■ Required action ■
Below are some records; retype all of them exactly.
——
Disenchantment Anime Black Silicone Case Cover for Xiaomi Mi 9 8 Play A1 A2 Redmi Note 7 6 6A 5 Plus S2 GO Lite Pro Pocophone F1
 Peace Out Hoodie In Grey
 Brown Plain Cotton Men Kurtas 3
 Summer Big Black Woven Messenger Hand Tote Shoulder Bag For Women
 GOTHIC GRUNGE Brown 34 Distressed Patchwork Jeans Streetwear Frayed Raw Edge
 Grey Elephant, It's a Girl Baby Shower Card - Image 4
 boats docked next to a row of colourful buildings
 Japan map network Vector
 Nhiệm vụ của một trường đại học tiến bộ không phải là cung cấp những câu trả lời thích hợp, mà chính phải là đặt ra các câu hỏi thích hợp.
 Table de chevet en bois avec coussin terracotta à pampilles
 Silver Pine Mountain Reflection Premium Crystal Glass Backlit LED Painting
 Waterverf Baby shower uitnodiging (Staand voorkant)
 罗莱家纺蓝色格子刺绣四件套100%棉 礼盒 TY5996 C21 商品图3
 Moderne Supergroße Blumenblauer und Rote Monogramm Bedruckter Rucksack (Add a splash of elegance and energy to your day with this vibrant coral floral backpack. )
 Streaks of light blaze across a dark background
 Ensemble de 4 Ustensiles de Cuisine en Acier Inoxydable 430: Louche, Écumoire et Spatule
——
■ Problem solution ■
Disenchantment Anime Black Silicone Case Cover for Xiaomi Mi 9 8 Play A1 A2 Redmi Note 7 6 6A 5 Plus S2 GO Lite Pro Pocophone F1
 Peace Out Hoodie In Grey
 Brown Plain Cotton Men Kurtas 3
 Summer Big Black Woven Messenger Hand Tote Shoulder Bag For Women
 GOTHIC GRUNGE Brown 34 Distressed Patchwork Jeans Streetwear Frayed Raw Edge
 Grey Elephant, It's a Girl Baby Shower Card - Image 4
 boats docked next to a row of colourful buildings
 Japan map network Vector
 Nhiệm vụ của một trường đại học tiến bộ không phải là cung cấp những câu trả lời thích hợp, mà chính phải là đặt ra các câu hỏi thích hợp.
 Table de chevet en bois avec coussin terracotta à pampilles
 Silver Pine Mountain Reflection Premium Crystal Glass Backlit LED Painting
 Waterverf Baby shower uitnodiging (Staand voorkant)
 罗莱家纺蓝色格子刺绣四件套100%棉 礼盒 TY5996 C21 商品图3
 Moderne Supergroße Blumenblauer und Rote Monogramm Bedruckter Rucksack (Add a splash of elegance and energy to your day with this vibrant coral floral backpack. )
 Streaks of light blaze across a dark background
 Ensemble de 4 Ustensiles de Cuisine en Acier Inoxydable 430: Louche, Écumoire et Spatule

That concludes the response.